Now, Göttingen then was... immediately became the university of enlightenment and had a very good start, because it was not dominated by church. And so it became the centre of enlightenment in Germany, and especially in mathematics it grew. Karl Friedrich Gauss was appointed Professor of Mathematics and he founded the tradition. Gauss... his successor was Dirichlet, who was married to Rebecca Mendelssohn-Bartholdy, a sister of Felix Mendelssohn-Bartholdy. His successor was Riemann. Riemann geometry came up in Göttingen, and it went on to Hilbert and Klein. Minkowski was in Göttingen, Hilbert, Klein, Weyl, Courant, Landau, Emmy Noether, it was a great time.

So I still got some of these famous mathematicians in my lectures, I heard them - Herglotz, Kaluza. Kaluza has become famous, we didn't know about that work, it became famous later for the five-dimensional geometry, which played some role in elementary particle theory in later years. And, well...

[Q] Rellich?

Rellich was one of my teachers, and...

[Q] Siegel?

And Carl Ludwig Siegel came back, he was immigrated to Princeton but he came back to Göttingen. So that was mathematics, but the tradition of physics was also great in Göttingen. You know, quantum mechanics came out of Göttingen in the '20s, all the famous physicists were at that time there at Göttingen, and now some of the founders of quantum mechanics came to Göttingen. Heisenberg came early in 1946... came to Göttingen, Max von Laue came, even Max Planck was at Göttingen. He died in 1947. Otto Hahn came to Göttingen, so it was a great time.

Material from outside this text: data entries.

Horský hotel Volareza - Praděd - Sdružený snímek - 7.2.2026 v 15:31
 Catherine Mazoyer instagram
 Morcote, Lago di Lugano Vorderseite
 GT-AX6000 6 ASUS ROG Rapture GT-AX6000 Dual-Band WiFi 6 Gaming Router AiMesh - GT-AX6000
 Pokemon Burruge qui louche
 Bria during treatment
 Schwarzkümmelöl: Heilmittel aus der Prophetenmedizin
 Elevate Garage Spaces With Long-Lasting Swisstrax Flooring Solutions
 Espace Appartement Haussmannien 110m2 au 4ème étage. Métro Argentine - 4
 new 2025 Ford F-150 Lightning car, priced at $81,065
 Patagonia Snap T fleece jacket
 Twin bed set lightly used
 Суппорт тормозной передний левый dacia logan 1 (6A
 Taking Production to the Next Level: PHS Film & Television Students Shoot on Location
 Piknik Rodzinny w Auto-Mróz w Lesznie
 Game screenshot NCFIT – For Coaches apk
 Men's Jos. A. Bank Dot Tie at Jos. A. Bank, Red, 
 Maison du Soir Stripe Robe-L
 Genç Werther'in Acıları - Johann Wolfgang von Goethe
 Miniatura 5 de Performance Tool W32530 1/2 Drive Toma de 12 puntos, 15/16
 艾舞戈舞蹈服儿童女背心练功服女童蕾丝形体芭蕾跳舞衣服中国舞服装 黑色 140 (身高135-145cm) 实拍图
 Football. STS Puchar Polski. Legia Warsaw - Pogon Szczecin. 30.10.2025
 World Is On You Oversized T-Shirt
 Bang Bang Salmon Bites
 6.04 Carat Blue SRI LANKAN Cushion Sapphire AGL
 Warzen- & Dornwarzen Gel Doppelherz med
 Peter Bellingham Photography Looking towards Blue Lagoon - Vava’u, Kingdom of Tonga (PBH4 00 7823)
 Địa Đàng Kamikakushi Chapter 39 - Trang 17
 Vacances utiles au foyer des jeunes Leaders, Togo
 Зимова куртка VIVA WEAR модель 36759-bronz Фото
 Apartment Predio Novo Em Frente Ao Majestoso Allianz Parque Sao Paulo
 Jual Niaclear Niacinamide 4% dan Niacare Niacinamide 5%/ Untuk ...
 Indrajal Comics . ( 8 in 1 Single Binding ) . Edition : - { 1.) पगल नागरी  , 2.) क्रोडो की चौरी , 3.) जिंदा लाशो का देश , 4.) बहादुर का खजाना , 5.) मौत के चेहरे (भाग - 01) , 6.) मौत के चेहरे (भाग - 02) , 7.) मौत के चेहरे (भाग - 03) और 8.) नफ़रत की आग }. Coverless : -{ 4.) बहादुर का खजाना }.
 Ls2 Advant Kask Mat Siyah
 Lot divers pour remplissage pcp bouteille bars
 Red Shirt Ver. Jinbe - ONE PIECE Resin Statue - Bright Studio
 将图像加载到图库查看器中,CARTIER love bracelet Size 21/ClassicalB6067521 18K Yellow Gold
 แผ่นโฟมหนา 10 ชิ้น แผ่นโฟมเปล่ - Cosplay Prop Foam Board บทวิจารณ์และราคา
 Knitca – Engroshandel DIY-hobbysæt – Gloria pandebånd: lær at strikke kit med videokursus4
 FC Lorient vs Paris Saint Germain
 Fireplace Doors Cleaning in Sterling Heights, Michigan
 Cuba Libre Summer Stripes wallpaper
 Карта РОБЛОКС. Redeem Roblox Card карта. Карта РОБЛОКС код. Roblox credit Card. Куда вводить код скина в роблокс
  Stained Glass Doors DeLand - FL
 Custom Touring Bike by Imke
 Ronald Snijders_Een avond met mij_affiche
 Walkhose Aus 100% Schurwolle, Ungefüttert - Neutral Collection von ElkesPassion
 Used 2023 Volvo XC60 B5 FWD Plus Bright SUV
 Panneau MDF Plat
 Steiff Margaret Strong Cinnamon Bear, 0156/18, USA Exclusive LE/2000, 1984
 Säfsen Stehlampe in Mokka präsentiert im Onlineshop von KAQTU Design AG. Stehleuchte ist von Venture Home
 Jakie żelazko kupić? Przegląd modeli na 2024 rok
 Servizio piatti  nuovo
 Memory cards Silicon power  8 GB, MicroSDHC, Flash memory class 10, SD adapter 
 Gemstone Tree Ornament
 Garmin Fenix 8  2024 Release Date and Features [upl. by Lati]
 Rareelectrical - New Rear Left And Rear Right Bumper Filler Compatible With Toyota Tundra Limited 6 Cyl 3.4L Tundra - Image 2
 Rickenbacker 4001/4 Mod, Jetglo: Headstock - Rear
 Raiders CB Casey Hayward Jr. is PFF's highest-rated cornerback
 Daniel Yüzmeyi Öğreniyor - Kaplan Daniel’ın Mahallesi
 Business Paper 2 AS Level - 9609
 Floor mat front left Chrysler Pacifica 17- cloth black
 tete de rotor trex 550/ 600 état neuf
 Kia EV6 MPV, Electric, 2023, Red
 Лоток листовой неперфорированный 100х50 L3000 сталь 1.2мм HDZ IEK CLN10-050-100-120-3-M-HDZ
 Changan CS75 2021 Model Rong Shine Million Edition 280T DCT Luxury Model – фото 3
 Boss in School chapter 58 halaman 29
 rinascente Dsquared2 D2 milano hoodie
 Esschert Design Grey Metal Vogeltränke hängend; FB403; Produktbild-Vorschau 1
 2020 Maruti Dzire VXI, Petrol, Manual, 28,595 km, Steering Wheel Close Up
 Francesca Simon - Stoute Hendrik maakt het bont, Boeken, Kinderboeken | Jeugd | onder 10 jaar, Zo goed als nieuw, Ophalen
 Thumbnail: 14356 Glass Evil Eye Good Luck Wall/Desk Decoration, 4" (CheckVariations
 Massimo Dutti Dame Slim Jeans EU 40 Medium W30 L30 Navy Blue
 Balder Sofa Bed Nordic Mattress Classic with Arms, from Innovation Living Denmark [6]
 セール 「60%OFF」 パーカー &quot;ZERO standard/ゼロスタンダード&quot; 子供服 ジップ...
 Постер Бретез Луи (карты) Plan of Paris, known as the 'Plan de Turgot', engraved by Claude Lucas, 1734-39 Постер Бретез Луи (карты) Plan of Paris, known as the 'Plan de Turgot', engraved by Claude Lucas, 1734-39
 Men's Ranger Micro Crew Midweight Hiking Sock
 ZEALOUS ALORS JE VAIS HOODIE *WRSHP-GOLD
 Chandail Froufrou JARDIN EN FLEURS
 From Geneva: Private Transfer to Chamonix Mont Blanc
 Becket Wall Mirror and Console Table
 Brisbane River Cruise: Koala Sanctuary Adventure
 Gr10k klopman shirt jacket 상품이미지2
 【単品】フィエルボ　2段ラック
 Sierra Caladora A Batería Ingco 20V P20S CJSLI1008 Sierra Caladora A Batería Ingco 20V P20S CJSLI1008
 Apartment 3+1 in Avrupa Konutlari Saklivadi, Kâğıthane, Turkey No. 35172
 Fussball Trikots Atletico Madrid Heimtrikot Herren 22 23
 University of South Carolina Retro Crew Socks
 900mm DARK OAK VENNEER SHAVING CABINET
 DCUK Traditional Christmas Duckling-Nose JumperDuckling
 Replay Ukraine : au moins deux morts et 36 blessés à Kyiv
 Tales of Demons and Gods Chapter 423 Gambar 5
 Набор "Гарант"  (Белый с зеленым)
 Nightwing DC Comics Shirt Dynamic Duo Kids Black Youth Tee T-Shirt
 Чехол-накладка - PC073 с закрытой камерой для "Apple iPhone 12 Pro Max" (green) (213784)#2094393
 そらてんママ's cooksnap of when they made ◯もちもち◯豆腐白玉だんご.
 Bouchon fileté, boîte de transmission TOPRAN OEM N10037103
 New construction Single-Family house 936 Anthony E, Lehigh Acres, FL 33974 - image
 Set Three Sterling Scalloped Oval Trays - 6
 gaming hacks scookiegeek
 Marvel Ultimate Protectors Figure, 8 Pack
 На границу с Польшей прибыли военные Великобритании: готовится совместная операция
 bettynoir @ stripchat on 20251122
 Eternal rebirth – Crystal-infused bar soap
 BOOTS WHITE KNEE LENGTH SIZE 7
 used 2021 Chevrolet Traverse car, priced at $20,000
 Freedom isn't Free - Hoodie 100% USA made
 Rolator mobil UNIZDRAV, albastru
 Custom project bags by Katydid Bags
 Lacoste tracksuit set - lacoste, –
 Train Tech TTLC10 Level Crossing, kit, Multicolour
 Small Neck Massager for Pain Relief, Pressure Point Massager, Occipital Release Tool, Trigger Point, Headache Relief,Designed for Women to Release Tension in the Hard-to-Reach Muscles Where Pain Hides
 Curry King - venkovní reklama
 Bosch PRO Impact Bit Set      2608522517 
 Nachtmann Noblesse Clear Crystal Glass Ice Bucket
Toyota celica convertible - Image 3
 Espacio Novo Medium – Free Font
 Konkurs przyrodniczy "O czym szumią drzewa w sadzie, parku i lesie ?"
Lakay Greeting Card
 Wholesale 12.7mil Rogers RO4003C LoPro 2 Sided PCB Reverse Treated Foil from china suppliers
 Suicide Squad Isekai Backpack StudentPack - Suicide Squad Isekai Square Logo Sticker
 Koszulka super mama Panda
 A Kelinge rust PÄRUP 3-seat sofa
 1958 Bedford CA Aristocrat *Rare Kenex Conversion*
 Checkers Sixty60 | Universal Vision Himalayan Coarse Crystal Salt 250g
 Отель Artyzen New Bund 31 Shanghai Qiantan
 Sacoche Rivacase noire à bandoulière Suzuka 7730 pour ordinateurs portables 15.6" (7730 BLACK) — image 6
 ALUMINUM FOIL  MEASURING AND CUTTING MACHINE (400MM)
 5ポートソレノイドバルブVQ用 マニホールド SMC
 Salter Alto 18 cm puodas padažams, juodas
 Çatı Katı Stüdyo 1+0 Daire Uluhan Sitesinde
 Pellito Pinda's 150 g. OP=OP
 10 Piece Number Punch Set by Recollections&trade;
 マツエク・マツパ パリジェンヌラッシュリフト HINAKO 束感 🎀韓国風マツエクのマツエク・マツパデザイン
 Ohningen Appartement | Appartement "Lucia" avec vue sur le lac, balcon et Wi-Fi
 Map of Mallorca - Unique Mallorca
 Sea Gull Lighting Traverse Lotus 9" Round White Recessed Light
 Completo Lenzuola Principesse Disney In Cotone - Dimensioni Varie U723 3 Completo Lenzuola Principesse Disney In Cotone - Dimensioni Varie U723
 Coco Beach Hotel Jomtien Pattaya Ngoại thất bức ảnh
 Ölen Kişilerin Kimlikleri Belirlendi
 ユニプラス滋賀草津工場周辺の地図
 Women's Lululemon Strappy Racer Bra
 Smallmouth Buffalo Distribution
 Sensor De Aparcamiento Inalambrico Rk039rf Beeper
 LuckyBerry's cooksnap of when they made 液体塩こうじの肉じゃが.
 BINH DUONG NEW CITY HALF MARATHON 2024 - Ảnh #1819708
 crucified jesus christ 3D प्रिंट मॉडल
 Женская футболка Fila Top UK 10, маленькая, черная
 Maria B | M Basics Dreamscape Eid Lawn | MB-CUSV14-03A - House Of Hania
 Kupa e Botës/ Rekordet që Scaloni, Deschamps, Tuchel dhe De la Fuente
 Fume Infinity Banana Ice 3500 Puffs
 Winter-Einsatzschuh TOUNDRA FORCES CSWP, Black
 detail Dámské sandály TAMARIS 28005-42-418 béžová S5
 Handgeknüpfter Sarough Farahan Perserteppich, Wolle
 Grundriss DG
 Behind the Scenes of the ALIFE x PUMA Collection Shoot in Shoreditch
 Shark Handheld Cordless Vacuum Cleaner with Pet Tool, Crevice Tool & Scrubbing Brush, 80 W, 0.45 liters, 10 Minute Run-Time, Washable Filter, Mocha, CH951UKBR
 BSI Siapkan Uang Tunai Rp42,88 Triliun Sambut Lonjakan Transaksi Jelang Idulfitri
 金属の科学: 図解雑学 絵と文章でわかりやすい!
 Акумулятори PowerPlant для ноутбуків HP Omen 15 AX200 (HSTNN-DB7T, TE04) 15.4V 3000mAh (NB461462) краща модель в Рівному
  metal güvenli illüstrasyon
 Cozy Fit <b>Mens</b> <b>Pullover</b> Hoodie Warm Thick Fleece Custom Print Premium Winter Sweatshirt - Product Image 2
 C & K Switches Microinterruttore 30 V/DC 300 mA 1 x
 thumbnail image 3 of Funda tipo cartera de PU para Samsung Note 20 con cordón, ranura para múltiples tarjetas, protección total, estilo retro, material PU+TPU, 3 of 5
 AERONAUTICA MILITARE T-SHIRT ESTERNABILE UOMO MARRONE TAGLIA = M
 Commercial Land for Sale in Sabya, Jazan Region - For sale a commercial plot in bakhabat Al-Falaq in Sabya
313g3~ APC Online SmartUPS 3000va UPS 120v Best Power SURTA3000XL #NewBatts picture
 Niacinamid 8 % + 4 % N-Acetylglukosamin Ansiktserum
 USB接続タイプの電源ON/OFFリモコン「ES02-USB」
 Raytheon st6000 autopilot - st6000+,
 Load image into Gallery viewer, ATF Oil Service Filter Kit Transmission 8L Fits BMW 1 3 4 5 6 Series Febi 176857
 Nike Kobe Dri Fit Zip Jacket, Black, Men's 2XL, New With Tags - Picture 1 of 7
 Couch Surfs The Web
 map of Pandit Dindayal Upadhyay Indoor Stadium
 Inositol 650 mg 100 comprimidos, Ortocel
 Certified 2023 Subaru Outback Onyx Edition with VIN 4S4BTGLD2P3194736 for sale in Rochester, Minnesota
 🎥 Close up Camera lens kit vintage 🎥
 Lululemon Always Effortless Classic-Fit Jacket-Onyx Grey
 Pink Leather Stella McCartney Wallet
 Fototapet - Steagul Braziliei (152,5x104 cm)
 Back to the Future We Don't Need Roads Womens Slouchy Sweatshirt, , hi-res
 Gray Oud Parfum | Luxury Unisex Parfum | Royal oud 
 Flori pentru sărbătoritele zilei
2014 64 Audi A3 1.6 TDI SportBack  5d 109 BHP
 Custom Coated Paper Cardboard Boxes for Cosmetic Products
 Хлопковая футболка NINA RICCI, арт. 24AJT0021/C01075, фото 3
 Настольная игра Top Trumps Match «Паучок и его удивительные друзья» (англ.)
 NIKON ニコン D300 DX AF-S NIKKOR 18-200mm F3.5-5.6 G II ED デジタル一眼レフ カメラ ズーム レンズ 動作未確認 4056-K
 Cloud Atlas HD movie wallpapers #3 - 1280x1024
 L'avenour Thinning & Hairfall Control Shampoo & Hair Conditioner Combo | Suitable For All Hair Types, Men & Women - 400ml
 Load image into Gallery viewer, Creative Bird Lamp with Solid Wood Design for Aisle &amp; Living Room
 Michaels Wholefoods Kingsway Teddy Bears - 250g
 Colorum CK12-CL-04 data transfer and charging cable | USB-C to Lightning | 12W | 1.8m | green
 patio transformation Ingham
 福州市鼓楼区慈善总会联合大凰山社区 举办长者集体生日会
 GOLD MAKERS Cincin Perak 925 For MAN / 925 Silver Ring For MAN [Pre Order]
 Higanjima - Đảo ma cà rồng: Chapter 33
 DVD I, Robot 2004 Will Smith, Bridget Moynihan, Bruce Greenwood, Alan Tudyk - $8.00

We were free. Could you imagine that time after the terrible wartime, we could study, we were hungry for science.

Nobel Prize winning German biophysical chemist, Manfred Eigen (1927-2019), was best known for his work on fast chemical reactions and his development of ways to accurately measure these reactions down to the nearest billionth of a second. He published over 100 papers with topics ranging from hydrogen bridges of nucleic acids to the storage of information in the central nervous system.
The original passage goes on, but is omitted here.